-- DATASET RECORDS follows --

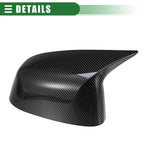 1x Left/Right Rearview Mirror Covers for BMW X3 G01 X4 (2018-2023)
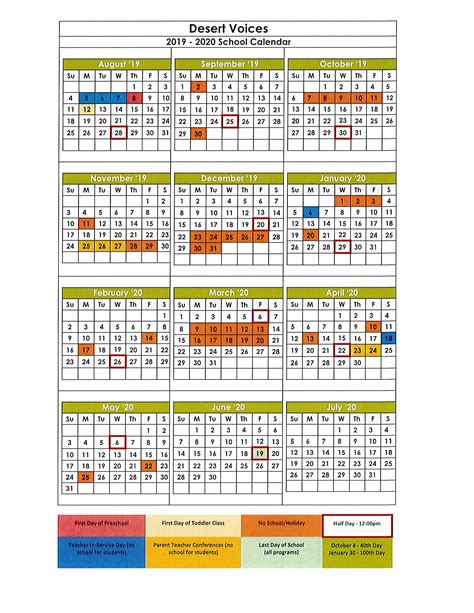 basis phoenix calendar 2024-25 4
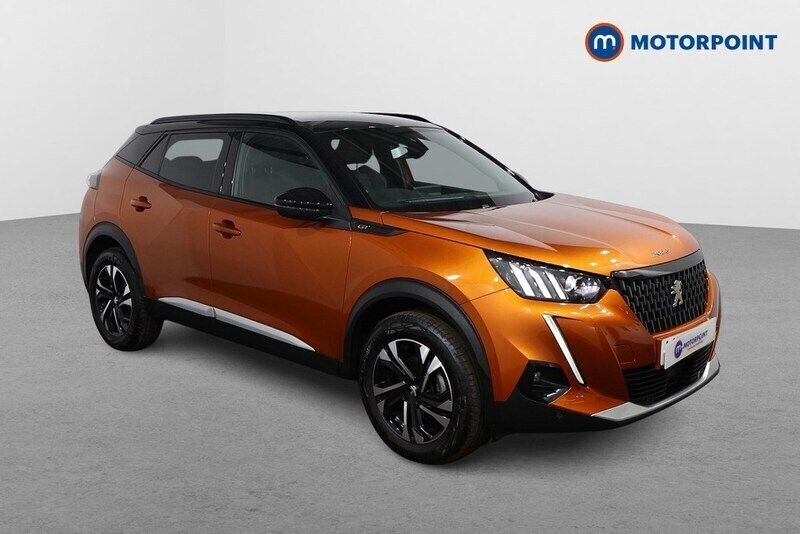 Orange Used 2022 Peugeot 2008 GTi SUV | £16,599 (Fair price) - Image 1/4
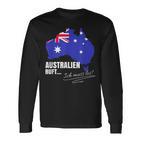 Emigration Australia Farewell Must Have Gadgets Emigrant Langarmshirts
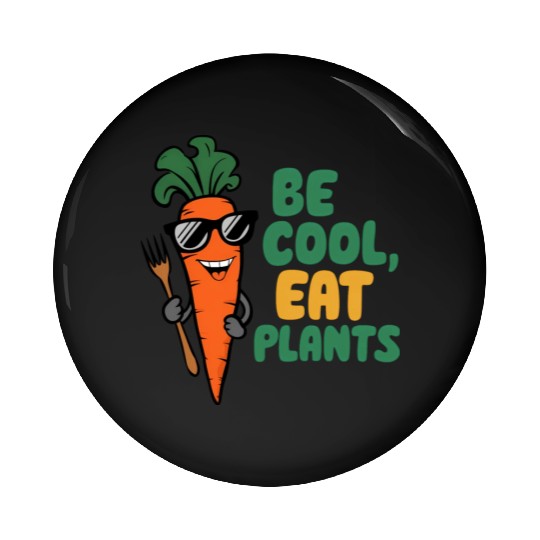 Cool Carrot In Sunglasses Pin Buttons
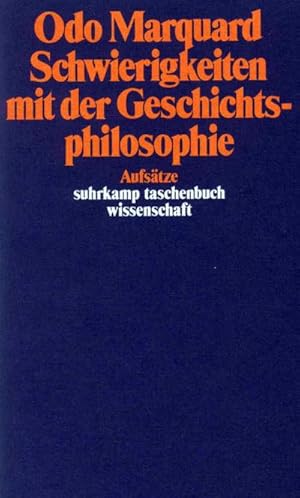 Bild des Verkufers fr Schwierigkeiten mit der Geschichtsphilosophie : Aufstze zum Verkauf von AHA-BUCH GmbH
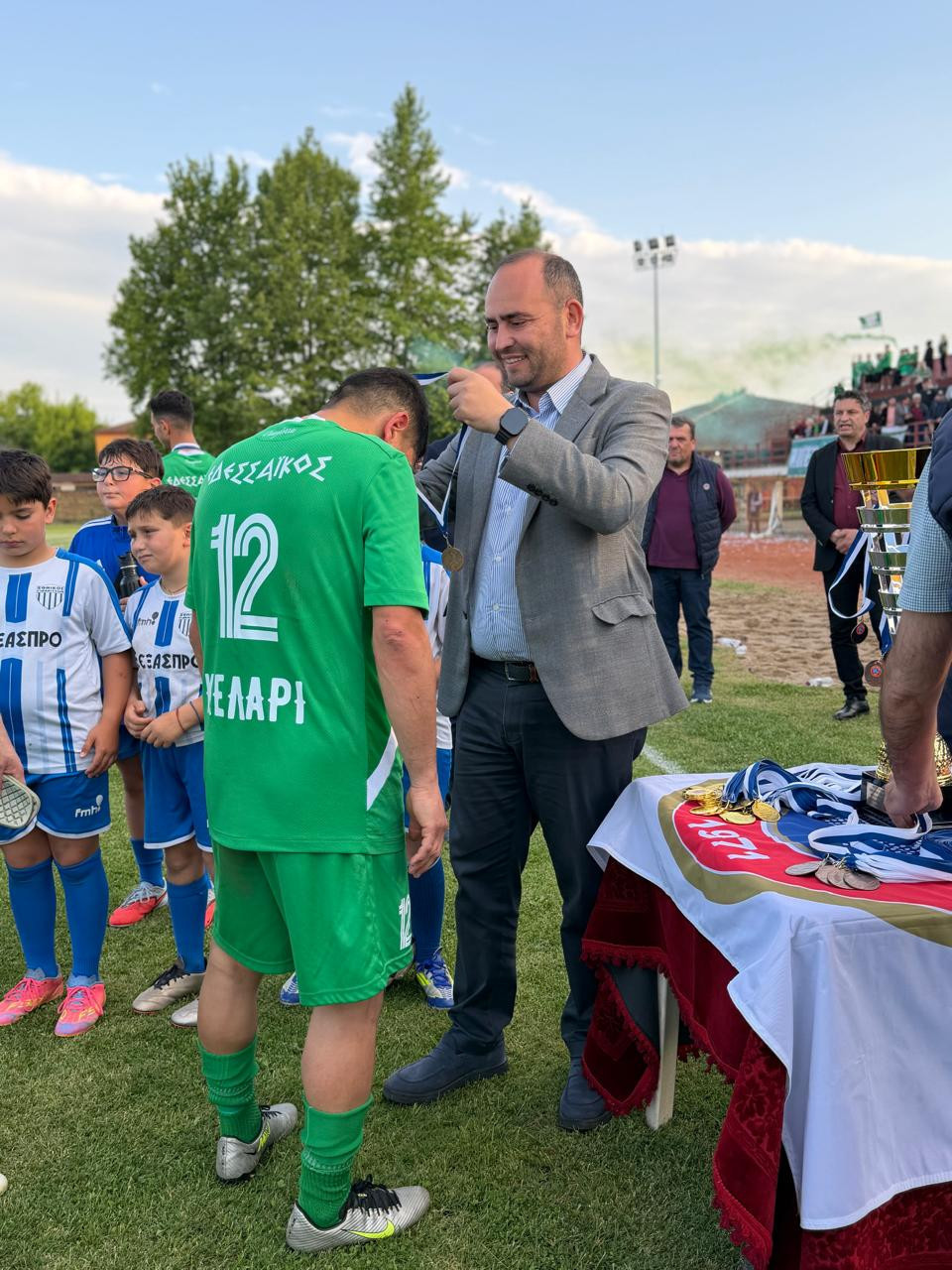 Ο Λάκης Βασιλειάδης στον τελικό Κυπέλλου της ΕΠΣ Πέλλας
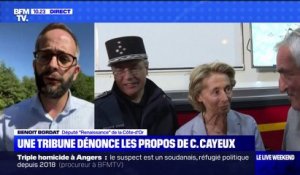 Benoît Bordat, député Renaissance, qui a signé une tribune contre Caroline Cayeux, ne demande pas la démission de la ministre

-- DATASET RECORDS concluded --

[TRY IT]
When restating the records word for word, omit any picture they contain.

[RESULT OF THE TASK]
 1x Left/Right Rearview Mirror Covers for BMW X3 G01 X4 (2018-2023)
 basis phoenix calendar 2024-25 4
 Orange Used 2022 Peugeot 2008 GTi SUV | £16,599 (Fair price) - Image 1/4
 Emigration Australia Farewell Must Have Gadgets Emigrant Langarmshirts
 Cool Carrot In Sunglasses Pin Buttons
 Bild des Verkufers fr Schwierigkeiten mit der Geschichtsphilosophie : Aufstze zum Verkauf von AHA-BUCH GmbH
 Ο Λάκης Βασιλειάδης στον τελικό Κυπέλλου της ΕΠΣ Πέλλας
 Benoît Bordat, député Renaissance, qui a signé une tribune contre Caroline Cayeux, ne demande pas la démission de la ministre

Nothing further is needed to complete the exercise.